Why is Arvig raising the monthly price for TV?
Arvig has recently concluded negotiations with NBCUniversal for a new broadcasting contract. This contract secures the rights we need to broadcast content from this media company, and it sets terms for pricing, bundling and viewing options.
This negotiation resulted in good and bad news. The good news is, we can continue offering our television customers the same NBCUniversal channels: Bravo, CNBC, E!, Golf, MSNBC, NBC, NBC Sports Network, Olympic Channel, Oxygen, SyFy, Universal Kids and USA.
The bad news is, the negotiations are a major contributor to an upcoming increase in our prices. Again, this media conglomerate—consistent with the others with whom we’ve negotiated in the past—is demanding a higher fee.
How often are contracts negotiated?
Most contracts are negotiated in either a three or five-year cycle. However, the rate structure on almost all contracts include a yearly incremental increase on the fees we must pay to the content providers for each and every customer on a monthly basis.
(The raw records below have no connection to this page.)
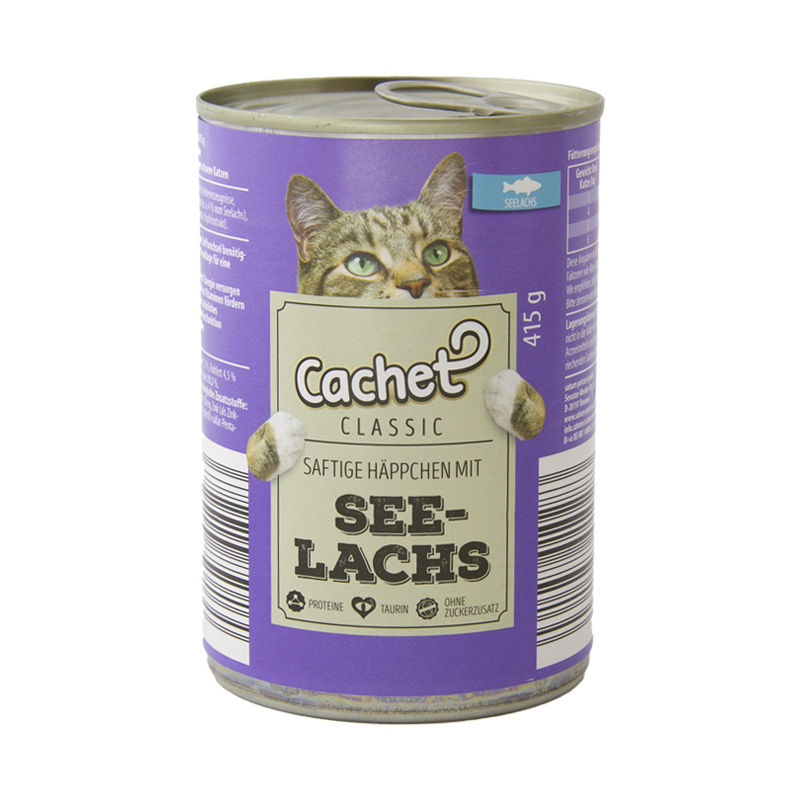 کنسرو غذای گربه کچت با طعم ذغال ماهی آلاسکا Cachet Cat Canned Food With Pollock وزن 415 گرم 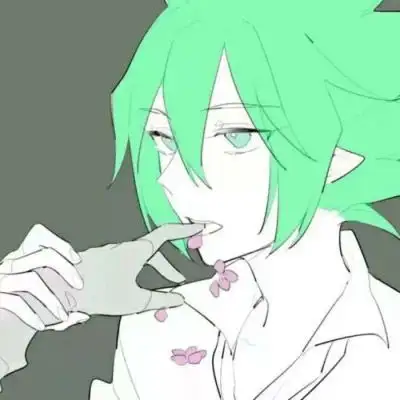 绿头发动漫头像高清男二次元绿色头发男生头像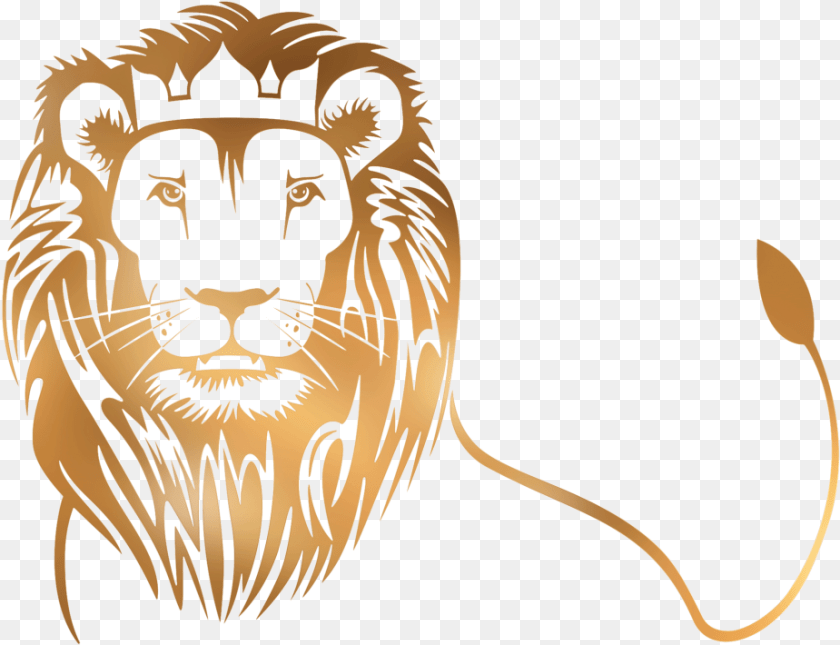 Anothen Golden Lion Head, Wildlife, Animal, Mammal, Face Sticker PNG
Will my bill go up again next year?
Yes. It is very likely, come next year, that your bill will increase again. The contracts we sign are multi-year carriage deals, often requiring us to pay more each year for the remainder of our contract. Rising programming costs affect all providers, including Dish and DirecTV. Streaming platforms, like SlingTV and YouTube TV are also raising prices, citing rising programming fees.
I pay a lot for my cable service. Can't you use that money to pay for this increase?
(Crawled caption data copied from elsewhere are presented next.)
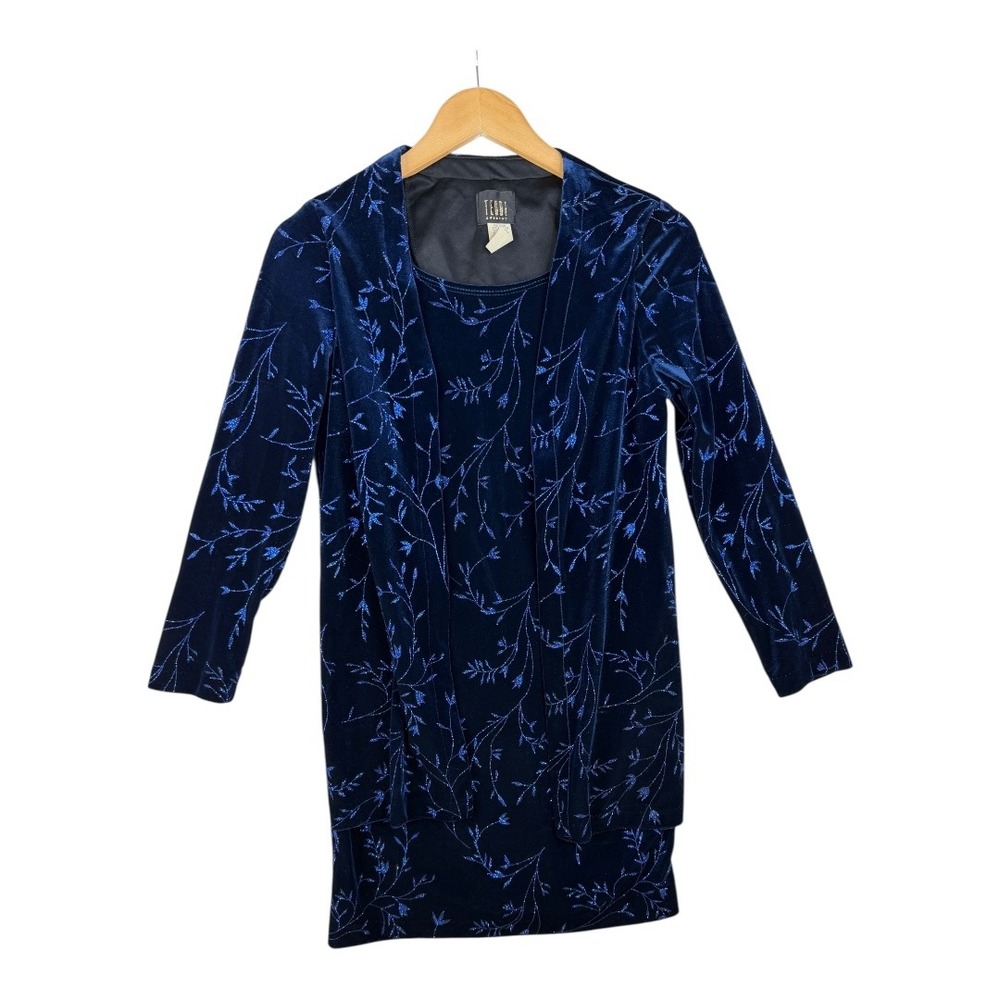 Teddi Evening‎ Women's Blue Metallic Blue Stretch Dress Size 6P Long Sleeves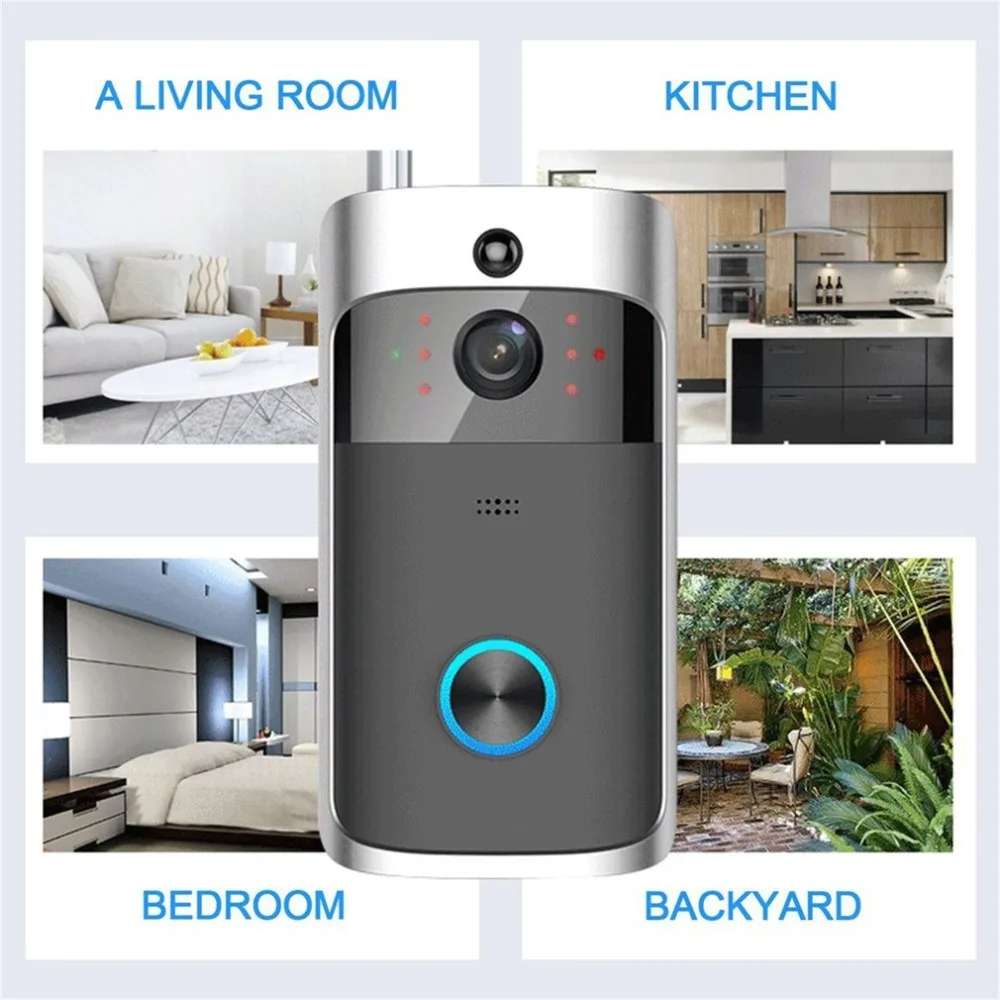 Wireless Video Doorbell WIFI Remote Intercom Detection Electronic HD Visible Monitor Night Vision For Apartments Alarm Camera
Wireless Video Doorbell WIFI Remote Intercom Detection Electronic HD Visible Monitor Night Vision For Apartments Alarm Camera
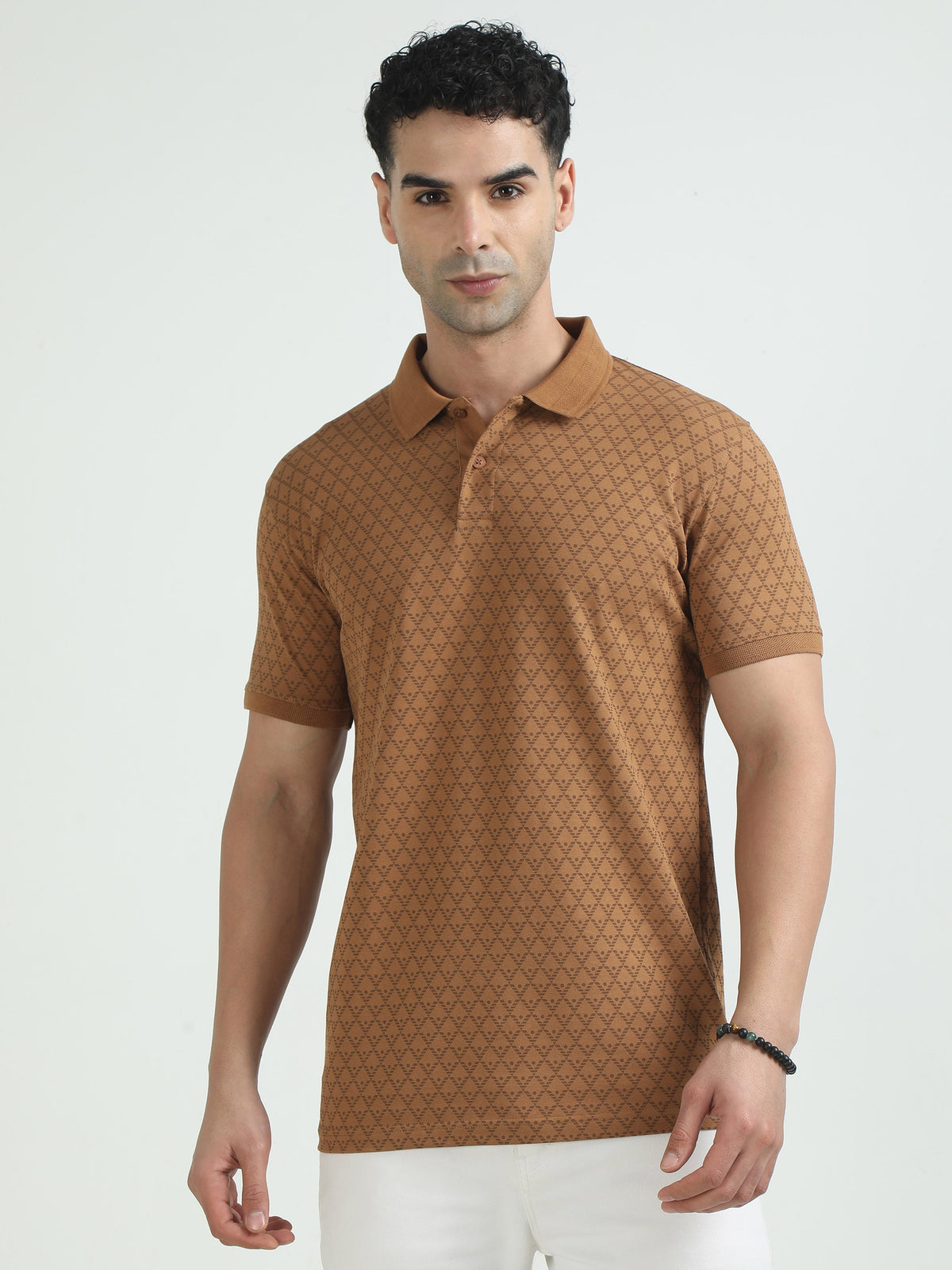 Men Khaki Printed Regular Fit Half Sleeve Polo Neck T-Shirt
We absorb as much of these increases as possible, but in order to continue providing you with the service, we have to pass along some of the costs to our customers. Not only do we have to pay the carriage fees to the networks each month, but we also have to pay the employees who work daily to keep your service running, plus cover the expenses of equipment maintenance and upgrades to provide you with the best possible service.
Why can't I just pay for the channels I want?
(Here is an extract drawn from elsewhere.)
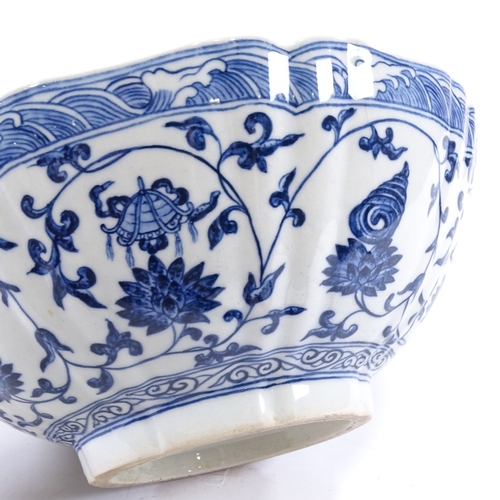 103 - A Chinese blue and white porcelain bowl, hand painted decoration, diameter 25cm, on hardwood stand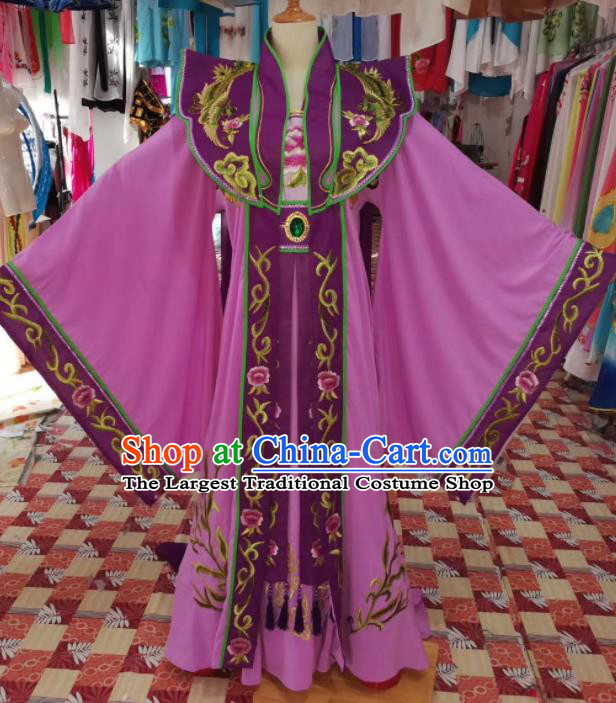 China Shaoxing Opera Imperial Concubine Purple Dress Outfits Traditional Peking Opera Hua Tan Clothing Ancient Empress Garment Costumes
Arvig is often required to “bundle” cable channels that are highly viewed with additional channels that are less popular. Programmers don’t only force us to pay for these channels, but they also tell us how we have to bundle them for our customers. We don’t think this is fair—and we know you don’t think it is either—but we typically have to agree to these terms in order to continue carriage of your favorite channels. We continue to explore ways to provide you the channels you want at an affordable price.
Want more information about the cost of cable television?
TVonMySide.com, a website developed by the National Cable Television Cooperative is a resource to help customers understand trends and keep track of disputes related to the cost of cable TV.